Work instruction:
Your job is to print, exactly, the lines in the data below from the line with "深圳泡发靓货猪筋，花胶量大，价格美丽。全国发货" through the line with "Macromitrium microstomum", both included, and to omit any picture.

Material provided:

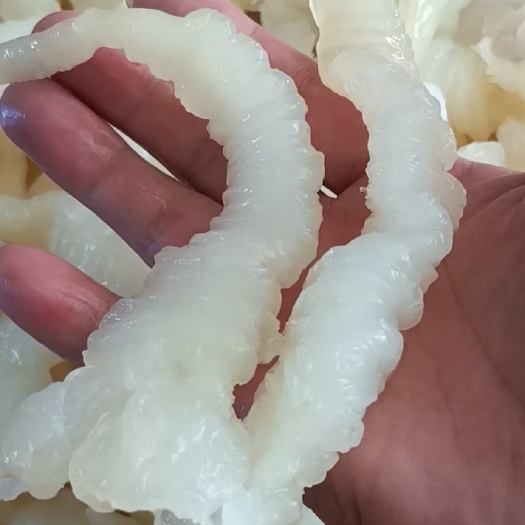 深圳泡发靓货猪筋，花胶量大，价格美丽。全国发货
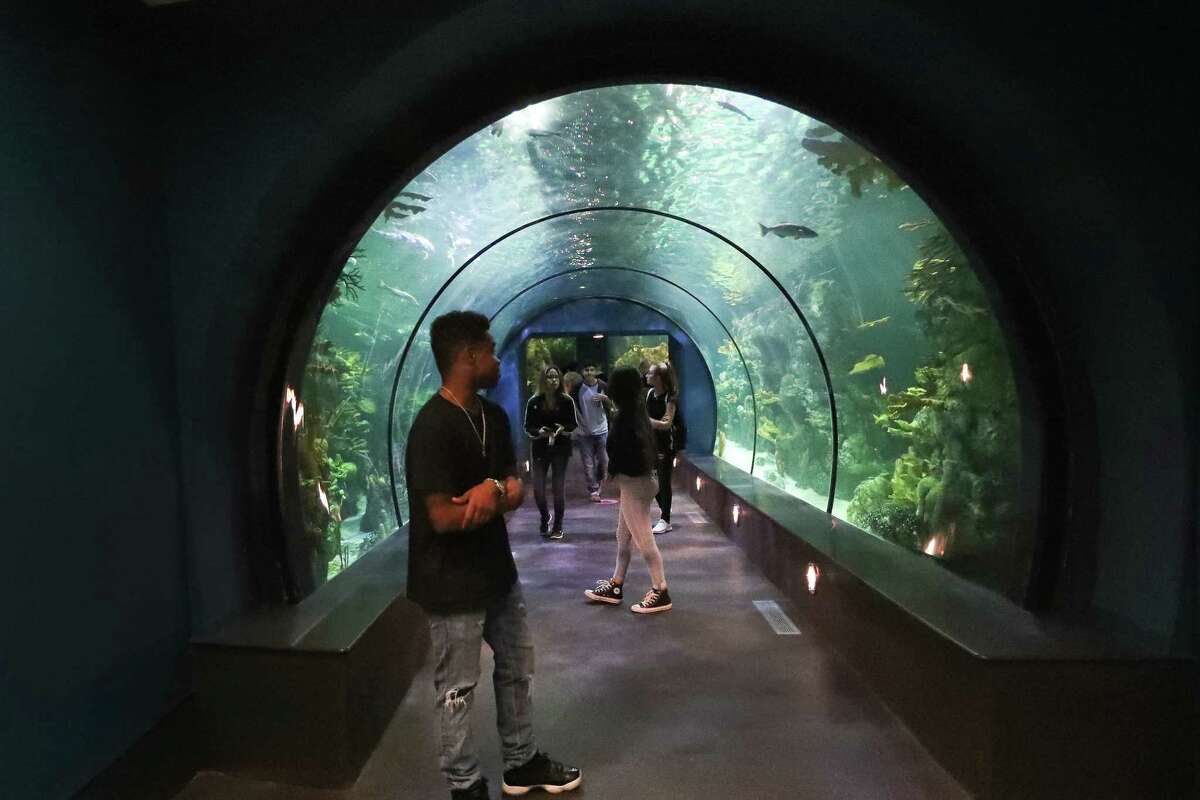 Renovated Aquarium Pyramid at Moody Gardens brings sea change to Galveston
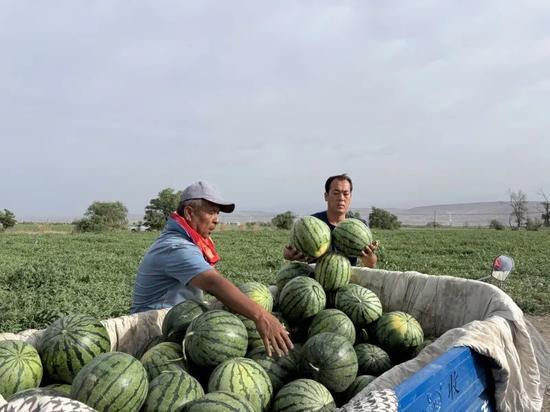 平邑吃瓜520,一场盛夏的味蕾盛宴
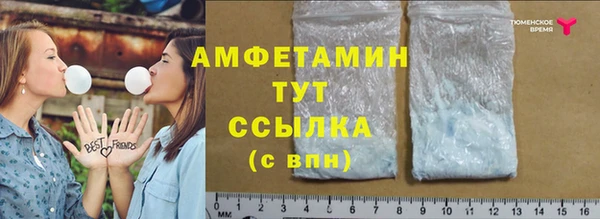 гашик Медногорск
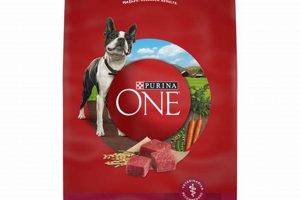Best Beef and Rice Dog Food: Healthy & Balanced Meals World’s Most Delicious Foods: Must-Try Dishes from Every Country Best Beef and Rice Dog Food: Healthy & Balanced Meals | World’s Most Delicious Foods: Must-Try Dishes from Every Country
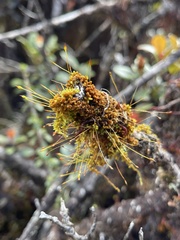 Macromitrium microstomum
---
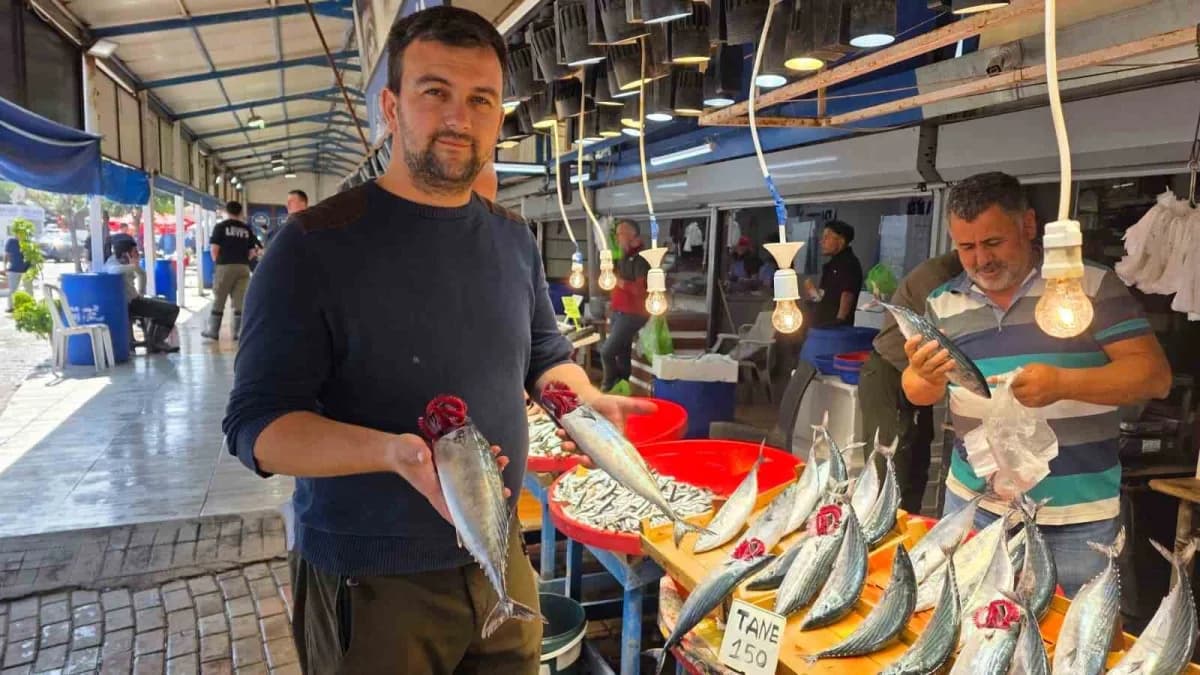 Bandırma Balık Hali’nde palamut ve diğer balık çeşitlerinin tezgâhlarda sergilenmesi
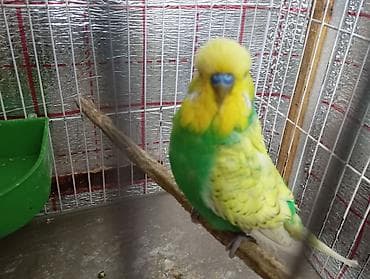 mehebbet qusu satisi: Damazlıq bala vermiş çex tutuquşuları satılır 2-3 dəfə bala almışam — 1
==
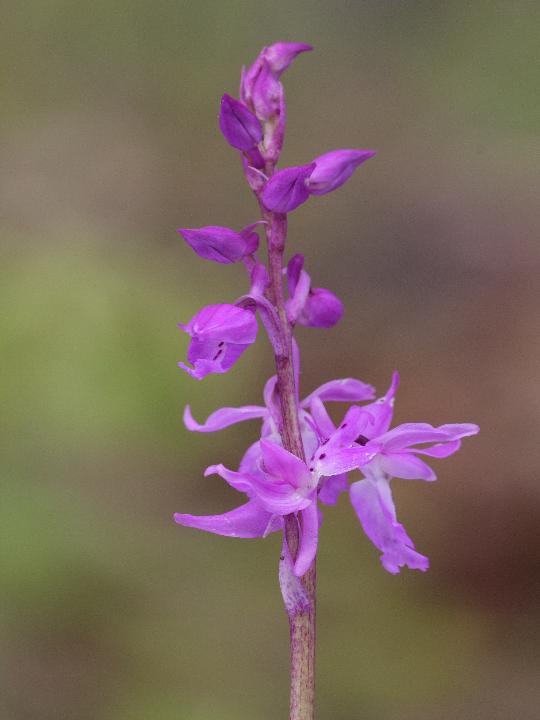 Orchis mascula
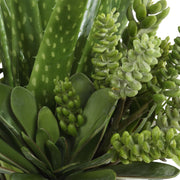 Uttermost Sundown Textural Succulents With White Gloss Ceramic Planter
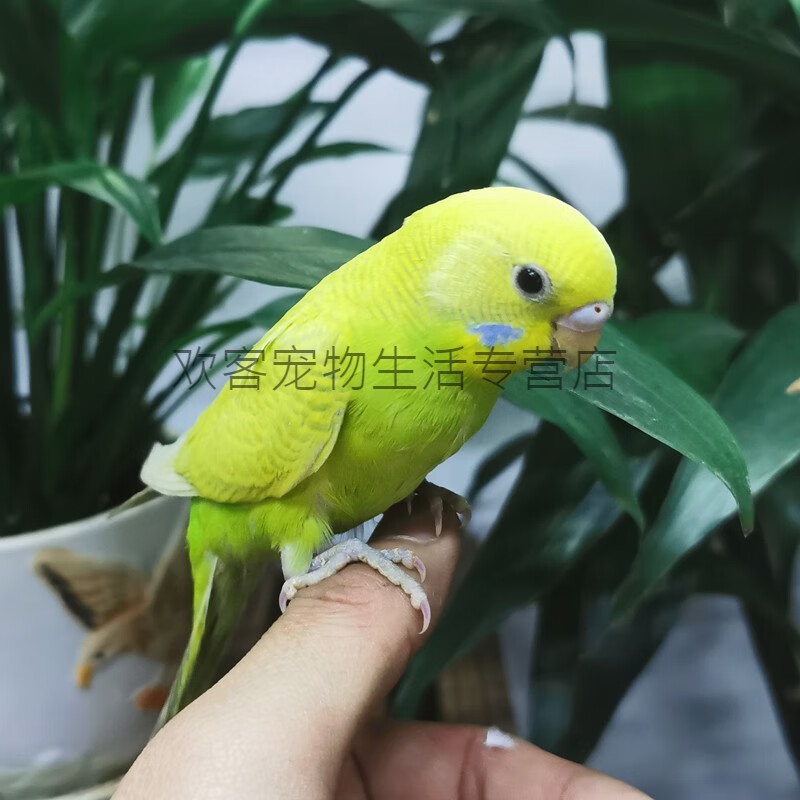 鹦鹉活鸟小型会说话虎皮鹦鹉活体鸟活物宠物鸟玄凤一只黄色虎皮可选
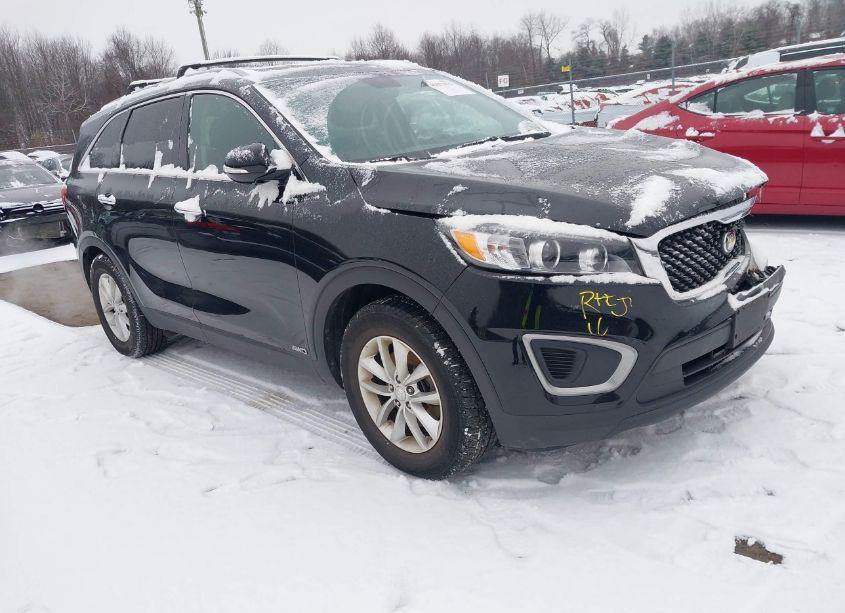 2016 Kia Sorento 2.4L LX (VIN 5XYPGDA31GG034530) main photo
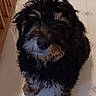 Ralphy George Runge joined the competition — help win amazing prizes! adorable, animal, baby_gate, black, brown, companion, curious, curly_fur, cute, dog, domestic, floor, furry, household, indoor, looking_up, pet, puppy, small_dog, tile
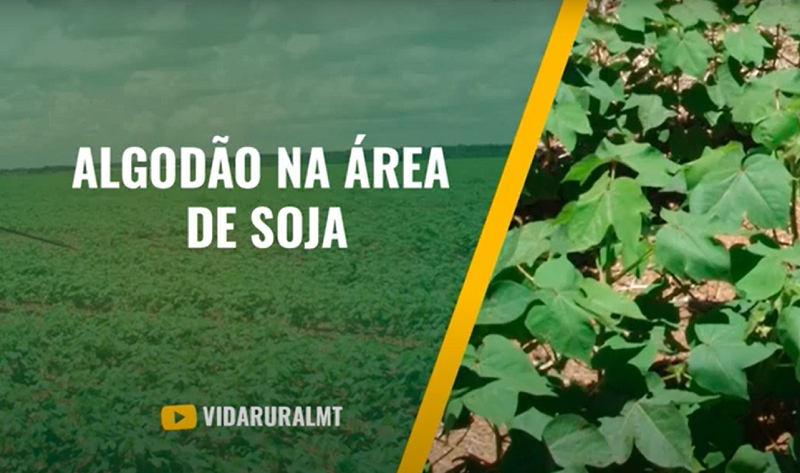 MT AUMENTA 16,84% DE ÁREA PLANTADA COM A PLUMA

Solution for this task:
 深圳泡发靓货猪筋，花胶量大，价格美丽。全国发货
 Renovated Aquarium Pyramid at Moody Gardens brings sea change to Galveston
 平邑吃瓜520,一场盛夏的味蕾盛宴
 гашик Медногорск
Best Beef and Rice Dog Food: Healthy & Balanced Meals World’s Most Delicious Foods: Must-Try Dishes from Every Country Best Beef and Rice Dog Food: Healthy & Balanced Meals | World’s Most Delicious Foods: Must-Try Dishes from Every Country
 Macromitrium microstomum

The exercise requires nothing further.